Of the roughly 1 million U.S. residents with Parkinson’s disease, some 110,000 are veterans. To improve this population’s health, well-being, and quality of life, the U.S. Department of Veterans Affairs (VA) has formed a partnership with the Parkinson’s Foundation.
The intent of the collaboration is to ensure that veterans diagnosed with Parkinson’s have the information and resources needed to effectively manage their condition, which has an economic burden of Parkinson’s of nearly $52 billion annually, according to a recent study published by the Michael J. Fox Foundation with support from the Parkinson’s Foundation and others.
“We’ve found that veterans are not always aware of the Parkinson’s-related resources and services available through the VA, which leads to them being underserved in terms of healthcare access,” Veronica “Ronnie” Todaro, executive vice president and chief operating officer, Parkinson’s Foundation, said in a press release.
“Our partnership with the VA is designed to improve our understanding of priorities so we can fill those gaps. We want to make sure Parkinson’s is identified early so that people can engage with providers who have experience with the disease, as well as have the information they need to best manage their PD,” said Todaro.
About half of veterans are at least age 65, putting them at greater risk for Parkinson’s, which usually manifests in patients 50 and older. In addition, many veterans have sustained traumatic head injury or have been exposed to environmental hazards, both of which are associated with Parkinson’s development. In particular, those who served from 1962 to 1975 are at an increased risk of the progressive disease due to the military’s tactical use of the herbicide Agent Orange.

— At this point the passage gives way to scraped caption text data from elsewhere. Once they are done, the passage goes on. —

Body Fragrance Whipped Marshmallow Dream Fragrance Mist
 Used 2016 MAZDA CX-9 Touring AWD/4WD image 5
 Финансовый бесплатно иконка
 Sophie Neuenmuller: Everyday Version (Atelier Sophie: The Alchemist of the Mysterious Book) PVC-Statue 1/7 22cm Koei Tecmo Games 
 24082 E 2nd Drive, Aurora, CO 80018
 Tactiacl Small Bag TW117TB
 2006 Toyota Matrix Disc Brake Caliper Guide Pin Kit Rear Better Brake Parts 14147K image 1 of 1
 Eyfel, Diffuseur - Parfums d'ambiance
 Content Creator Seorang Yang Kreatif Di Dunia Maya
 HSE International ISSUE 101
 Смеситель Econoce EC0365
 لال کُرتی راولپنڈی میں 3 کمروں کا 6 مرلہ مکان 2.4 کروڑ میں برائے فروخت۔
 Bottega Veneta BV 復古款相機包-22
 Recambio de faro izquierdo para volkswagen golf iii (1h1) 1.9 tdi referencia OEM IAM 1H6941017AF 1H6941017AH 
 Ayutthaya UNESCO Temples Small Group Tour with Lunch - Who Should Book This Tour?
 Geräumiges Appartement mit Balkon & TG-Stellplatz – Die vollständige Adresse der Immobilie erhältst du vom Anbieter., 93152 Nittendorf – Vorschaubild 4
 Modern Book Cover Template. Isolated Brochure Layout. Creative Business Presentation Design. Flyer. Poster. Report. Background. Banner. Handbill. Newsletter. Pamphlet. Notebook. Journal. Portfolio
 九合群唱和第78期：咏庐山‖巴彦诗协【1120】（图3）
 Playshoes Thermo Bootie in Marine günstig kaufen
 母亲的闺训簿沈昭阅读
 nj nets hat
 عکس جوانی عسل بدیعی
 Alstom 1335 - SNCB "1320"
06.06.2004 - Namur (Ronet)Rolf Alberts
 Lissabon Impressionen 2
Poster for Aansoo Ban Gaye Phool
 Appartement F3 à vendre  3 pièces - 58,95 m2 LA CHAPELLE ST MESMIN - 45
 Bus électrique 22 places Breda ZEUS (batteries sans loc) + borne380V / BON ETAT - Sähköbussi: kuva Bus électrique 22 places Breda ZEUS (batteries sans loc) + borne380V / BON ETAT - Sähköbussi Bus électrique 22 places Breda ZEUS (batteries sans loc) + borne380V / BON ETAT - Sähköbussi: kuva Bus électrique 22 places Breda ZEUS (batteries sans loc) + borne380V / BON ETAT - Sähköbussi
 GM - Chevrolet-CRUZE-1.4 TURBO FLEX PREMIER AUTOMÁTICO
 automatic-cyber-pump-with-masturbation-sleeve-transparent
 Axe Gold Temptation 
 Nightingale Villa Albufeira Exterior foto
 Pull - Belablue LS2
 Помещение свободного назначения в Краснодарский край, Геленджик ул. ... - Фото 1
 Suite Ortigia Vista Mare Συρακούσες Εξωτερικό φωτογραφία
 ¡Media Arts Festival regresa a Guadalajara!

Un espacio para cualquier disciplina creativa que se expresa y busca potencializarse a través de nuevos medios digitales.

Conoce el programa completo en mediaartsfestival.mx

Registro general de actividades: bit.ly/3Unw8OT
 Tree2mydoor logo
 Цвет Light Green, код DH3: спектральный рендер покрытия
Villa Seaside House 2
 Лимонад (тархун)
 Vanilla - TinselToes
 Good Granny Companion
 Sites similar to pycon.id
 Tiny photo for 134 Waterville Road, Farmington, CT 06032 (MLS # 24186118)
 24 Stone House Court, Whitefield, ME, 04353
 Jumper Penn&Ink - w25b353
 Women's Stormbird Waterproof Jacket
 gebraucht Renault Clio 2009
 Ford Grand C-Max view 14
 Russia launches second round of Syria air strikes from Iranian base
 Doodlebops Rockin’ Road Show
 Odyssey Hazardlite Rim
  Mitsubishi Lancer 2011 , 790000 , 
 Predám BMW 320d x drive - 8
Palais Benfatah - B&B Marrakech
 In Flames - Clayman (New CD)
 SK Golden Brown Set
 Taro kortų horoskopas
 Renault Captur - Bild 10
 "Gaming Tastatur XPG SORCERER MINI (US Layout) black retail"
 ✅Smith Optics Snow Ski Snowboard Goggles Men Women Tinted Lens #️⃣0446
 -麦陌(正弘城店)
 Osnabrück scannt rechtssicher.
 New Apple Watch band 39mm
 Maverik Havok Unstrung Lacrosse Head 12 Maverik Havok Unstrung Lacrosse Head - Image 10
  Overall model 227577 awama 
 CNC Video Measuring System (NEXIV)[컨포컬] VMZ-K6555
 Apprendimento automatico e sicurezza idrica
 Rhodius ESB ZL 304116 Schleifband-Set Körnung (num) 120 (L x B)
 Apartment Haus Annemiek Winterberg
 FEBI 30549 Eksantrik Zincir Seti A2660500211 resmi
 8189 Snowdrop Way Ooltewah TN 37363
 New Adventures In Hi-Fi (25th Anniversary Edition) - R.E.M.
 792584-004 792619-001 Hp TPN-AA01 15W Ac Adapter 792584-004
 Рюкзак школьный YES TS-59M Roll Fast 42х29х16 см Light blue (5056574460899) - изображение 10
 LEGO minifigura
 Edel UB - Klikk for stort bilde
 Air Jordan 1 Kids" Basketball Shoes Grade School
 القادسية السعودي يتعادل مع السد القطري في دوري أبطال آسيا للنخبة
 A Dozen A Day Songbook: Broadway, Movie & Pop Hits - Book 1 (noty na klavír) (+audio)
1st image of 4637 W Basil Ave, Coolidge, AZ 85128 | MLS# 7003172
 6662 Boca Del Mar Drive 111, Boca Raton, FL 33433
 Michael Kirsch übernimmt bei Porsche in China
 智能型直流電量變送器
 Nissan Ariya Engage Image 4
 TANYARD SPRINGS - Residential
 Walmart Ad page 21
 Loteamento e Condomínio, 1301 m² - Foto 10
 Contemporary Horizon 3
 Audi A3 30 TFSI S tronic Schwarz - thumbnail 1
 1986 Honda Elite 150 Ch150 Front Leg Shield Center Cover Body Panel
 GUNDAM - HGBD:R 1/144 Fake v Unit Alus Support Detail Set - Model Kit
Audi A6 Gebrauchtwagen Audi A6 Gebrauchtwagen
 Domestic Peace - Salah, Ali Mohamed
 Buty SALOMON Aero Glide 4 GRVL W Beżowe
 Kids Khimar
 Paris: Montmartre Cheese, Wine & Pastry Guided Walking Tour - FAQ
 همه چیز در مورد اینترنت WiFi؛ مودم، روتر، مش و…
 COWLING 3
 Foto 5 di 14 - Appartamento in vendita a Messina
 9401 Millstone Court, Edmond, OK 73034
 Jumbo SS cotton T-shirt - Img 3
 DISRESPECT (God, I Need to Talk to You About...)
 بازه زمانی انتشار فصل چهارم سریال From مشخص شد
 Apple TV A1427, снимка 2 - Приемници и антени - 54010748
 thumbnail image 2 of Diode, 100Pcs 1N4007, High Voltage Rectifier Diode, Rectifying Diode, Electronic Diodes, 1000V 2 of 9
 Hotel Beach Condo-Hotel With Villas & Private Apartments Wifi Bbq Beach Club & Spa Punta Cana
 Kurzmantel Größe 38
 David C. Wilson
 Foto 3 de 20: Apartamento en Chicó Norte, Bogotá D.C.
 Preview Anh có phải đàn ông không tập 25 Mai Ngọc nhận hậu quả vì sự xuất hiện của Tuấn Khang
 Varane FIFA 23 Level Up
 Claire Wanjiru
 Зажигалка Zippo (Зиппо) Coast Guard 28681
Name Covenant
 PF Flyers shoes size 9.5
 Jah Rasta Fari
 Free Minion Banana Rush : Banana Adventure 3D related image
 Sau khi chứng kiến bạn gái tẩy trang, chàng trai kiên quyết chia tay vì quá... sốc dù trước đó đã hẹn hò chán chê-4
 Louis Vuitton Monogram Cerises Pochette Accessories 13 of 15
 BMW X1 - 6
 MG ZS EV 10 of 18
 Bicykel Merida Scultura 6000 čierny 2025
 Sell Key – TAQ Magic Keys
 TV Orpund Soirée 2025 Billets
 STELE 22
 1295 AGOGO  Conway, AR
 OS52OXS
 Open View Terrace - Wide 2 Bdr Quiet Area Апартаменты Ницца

Specifically, the partnership seeks to heighten access to Parkinson’s information, resources, and providers. It also wants to educate veterans and healthcare professionals about best practices in Parkinson’s management, and to help veterans navigate Parkinson’s-related health and social services.
Veterans and their families can start by learning more about the VA’s Parkinson’s Disease Research, Education and Clinical Centers. Located across the nation, these centers are staffed by leading movement disorder specialists, neurosurgeons, psychiatrists, scientists, social workers, and other Parkinson’s specialists.
The centers can help veterans manage Parkinson’s and other movement disorders through VA pharmacy benefits, physical, occupational, and speech therapies, medical equipment, surgical services, and other resources.
“Multidisciplinary care is critically important to people with Parkinson’s and is a priority of both the VA and the Parkinson’s Foundation,” Todaro said, adding that apprising veterans of available resources and benefits will help defray the disease’s overall cost.
“Veterans need to be aware of all their benefits, including those that come from having a service-related disability,” she said. “As a foundation, we are committed to addressing issues related to cost, including non-medical costs such as missed work, lost wages, forced early retirement, and family caregiver time.”